Single by The Eighties Matchbox B-Line Disaster

from the album The Royal Society
- B-side: "Morning Has Broken"; "6:30"; "Flag Party"; "Professionalism"; "Twentieth Century Boy";
- Released: 3 February 2004
- Label: No Death, Island
- Songwriters: Guy McKnight, Sym Gharial, Tom Diamantopoulo, Marc R. Norris, Andy Huxley

The Eighties Matchbox B-Line Disaster singles chronology
| "Chicken" (2003) | "Mister Mental" (2004) | "I Could Be an Angle" (2004) |

= Mister Mental =

"Mister Mental" is a song by British rock band The Eighties Matchbox B-Line Disaster and the first single from their album The Royal Society.
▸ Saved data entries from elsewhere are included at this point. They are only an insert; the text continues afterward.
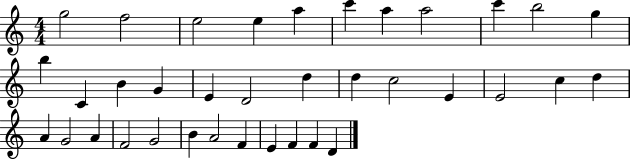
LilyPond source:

{
  \clef treble
  \numericTimeSignature
  \time 4/4
  \key c \major
  g''2 f''2 | e''2 e''4 a''4 | c'''4 a''4 a''2 | c'''4 b''2 g''4 | \break b''4 c'4 b'4 g'4 | e'4 d'2 d''4 | d''4 c''2 e'4 | e'2 c''4 d''4 | \break a'4 g'2 a'4 | f'2 g'2 | b'4 a'2 f'4 | e'4 f'4 f'4 d'4 | \break \bar "|."
}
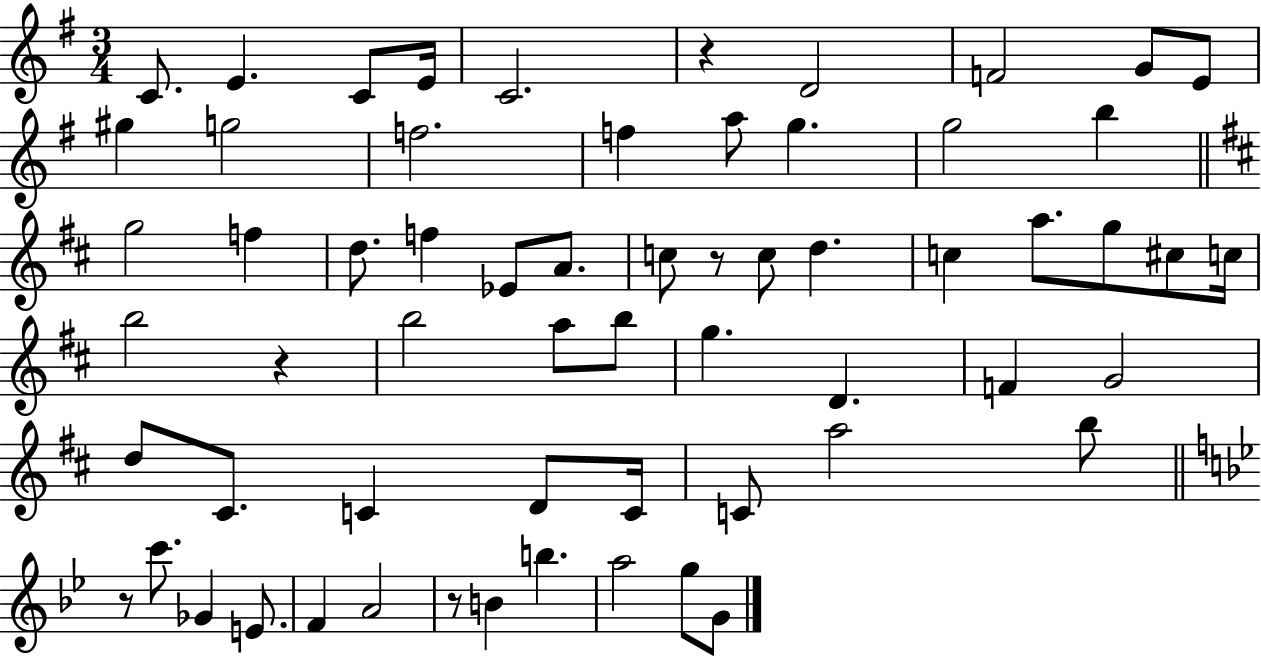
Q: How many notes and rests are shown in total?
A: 62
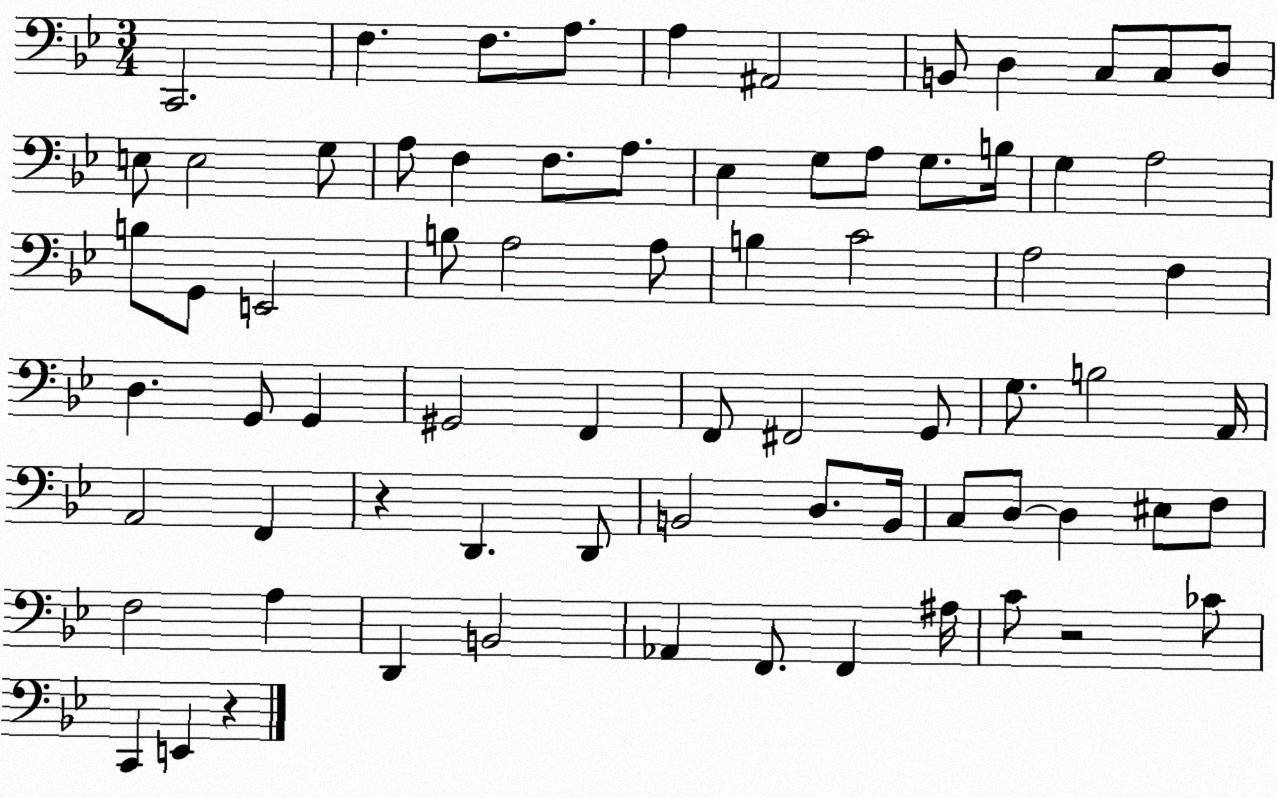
X:1
T:Untitled
M:3/4
L:1/4
K:Bb
C,,2 F, F,/2 A,/2 A, ^A,,2 B,,/2 D, C,/2 C,/2 D,/2 E,/2 E,2 G,/2 A,/2 F, F,/2 A,/2 _E, G,/2 A,/2 G,/2 B,/4 G, A,2 B,/2 G,,/2 E,,2 B,/2 A,2 A,/2 B, C2 A,2 F, D, G,,/2 G,, ^G,,2 F,, F,,/2 ^F,,2 G,,/2 G,/2 B,2 A,,/4 A,,2 F,, z D,, D,,/2 B,,2 D,/2 B,,/4 C,/2 D,/2 D, ^E,/2 F,/2 F,2 A, D,, B,,2 _A,, F,,/2 F,, ^A,/4 C/2 z2 _C/2 C,, E,, z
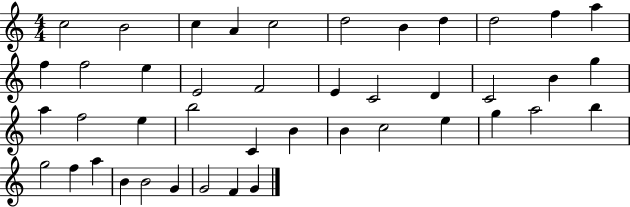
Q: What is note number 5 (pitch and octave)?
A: C5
It appeared on the soundtrack for the 2004 film Shaun of the Dead.

==Track listing==

===CD single 1===
1. "Mister Mental"
2. "Morning Has Broken" (live)
3. "6:30"
4. "Mister Mental" (video)

===CD single 2===
1. "Mister Mental"
2. "Flag Party"

===Six-track promo===
1. "Mister Mental"
2. "Morning Has Broken"
3. "6:30"
4. "Flag Party"
5. "Professionalism"
6. "Twentieth Century Boy" (Marc Bolan)

==Video==
The video shows the band running away from an unknown substance that made their heads expand. Throughout the video the band run away from the substance until it eventually catches them, exploding their heads one by one.